### EXTRACTED ENTRIES:
= = = =

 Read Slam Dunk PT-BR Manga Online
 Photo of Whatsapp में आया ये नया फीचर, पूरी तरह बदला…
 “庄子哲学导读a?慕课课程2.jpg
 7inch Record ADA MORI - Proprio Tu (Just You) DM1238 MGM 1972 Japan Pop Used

= = = =

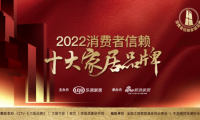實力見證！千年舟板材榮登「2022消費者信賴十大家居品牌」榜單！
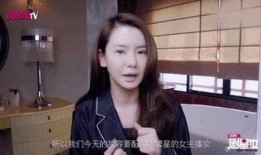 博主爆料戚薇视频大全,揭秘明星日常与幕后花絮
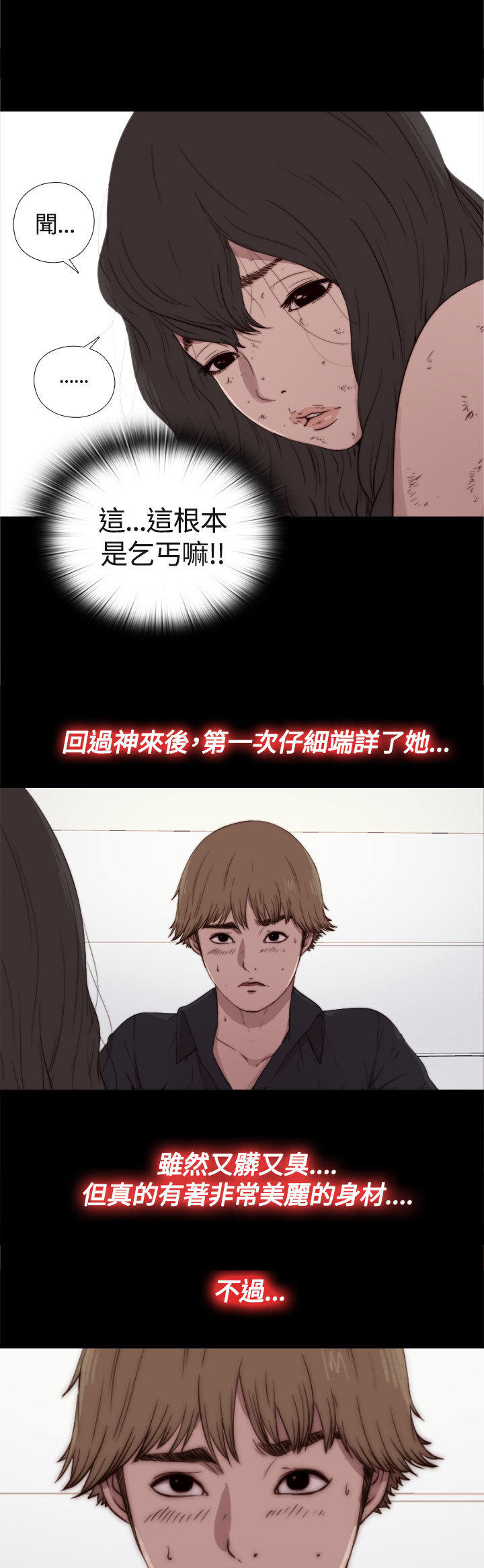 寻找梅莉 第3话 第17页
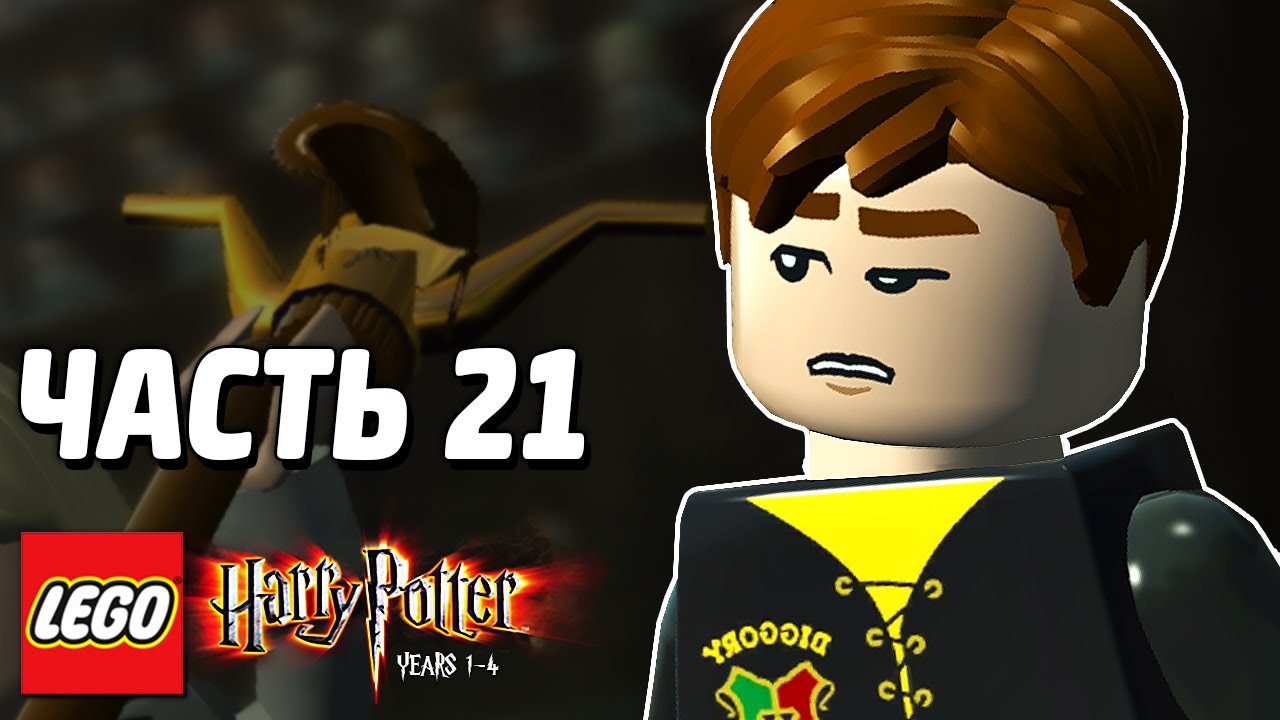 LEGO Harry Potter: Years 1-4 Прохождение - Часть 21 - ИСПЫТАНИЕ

= = = =

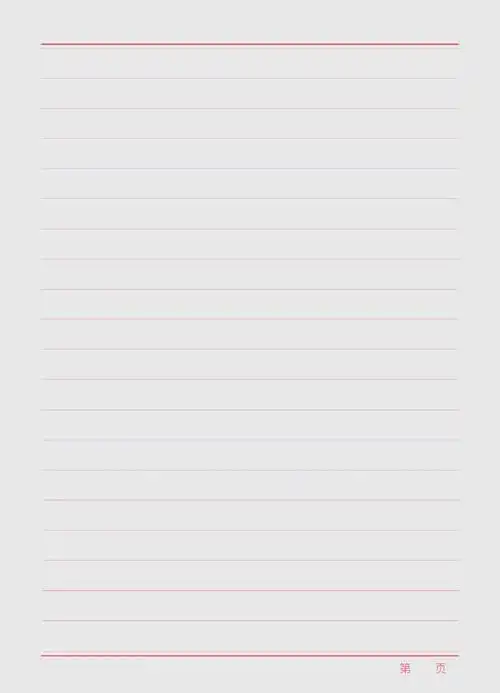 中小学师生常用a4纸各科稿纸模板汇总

= = = =

### TASK DESCRIPTION:
Using the data above, print exactly the lines from the line that contains "Read Slam Dunk PT-BR Manga Online" through the line that contains "7inch Record ADA", with both included.

### SOLUTION TO THIS EXERCISE:
 Read Slam Dunk PT-BR Manga Online
 Photo of Whatsapp में आया ये नया फीचर, पूरी तरह बदला…
 “庄子哲学导读a?慕课课程2.jpg
 7inch Record ADA MORI - Proprio Tu (Just You) DM1238 MGM 1972 Japan Pop Used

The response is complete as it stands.